- **THE PROBLEM**: The whole listing, apart from its images, should be restated word for word.

##### SUPPLIED INFORMATION #####

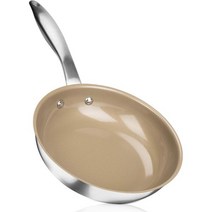 정품 Duxtop 세라믹 붙지 않는 프라이팬 스테인레스 스틸 인덕션 두꺼운 충격 접착 바닥이 있는 8인치 볶음 FUSION Ti, 8-inch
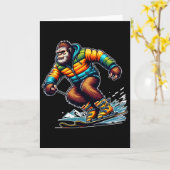 Sasquatch Ski Avontuur Bigfoot Winterpret Kaart (Gele Bloem)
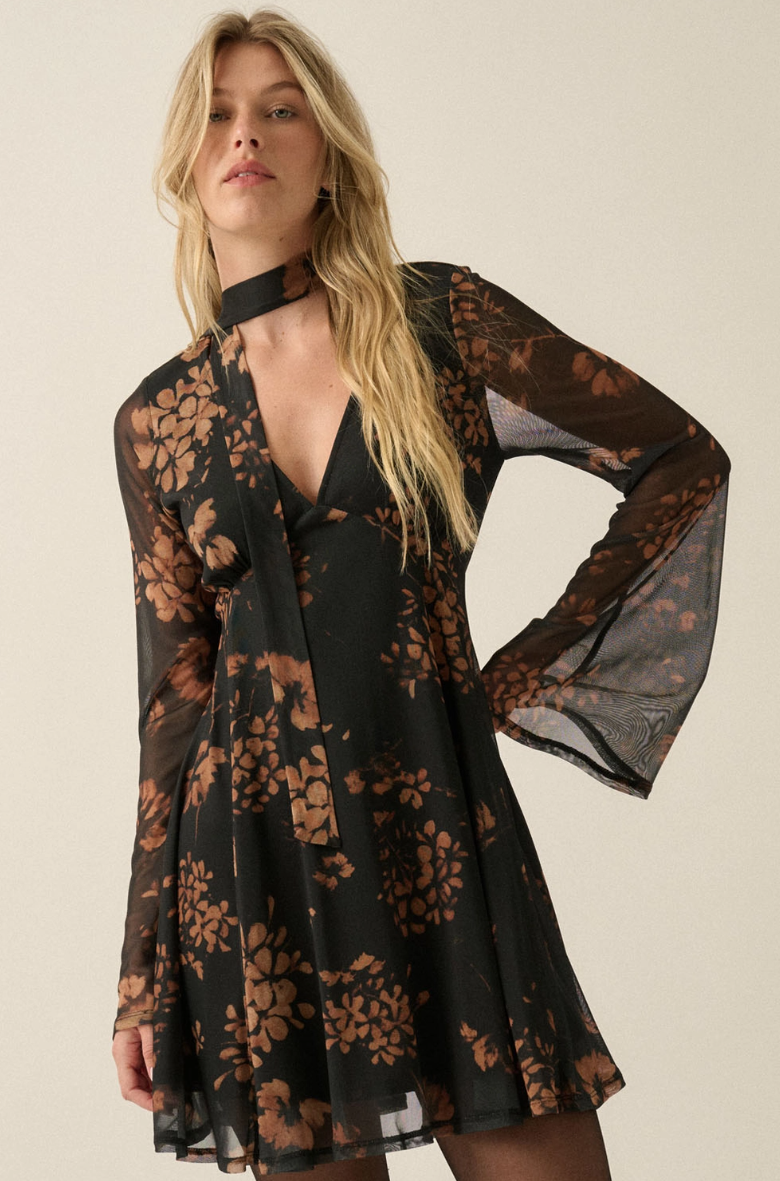 •RHIANNON• bell sleeve fit & flare dress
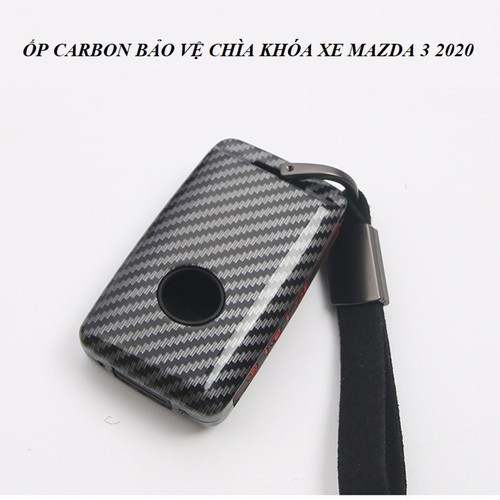 Ốp chìa khóa ô tô Mazda 3 2020, vân carbon cao cấp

#####

- **RESULT OF THIS TASK**:
 정품 Duxtop 세라믹 붙지 않는 프라이팬 스테인레스 스틸 인덕션 두꺼운 충격 접착 바닥이 있는 8인치 볶음 FUSION Ti, 8-inch
 Sasquatch Ski Avontuur Bigfoot Winterpret Kaart (Gele Bloem)
 •RHIANNON• bell sleeve fit & flare dress
 Ốp chìa khóa ô tô Mazda 3 2020, vân carbon cao cấp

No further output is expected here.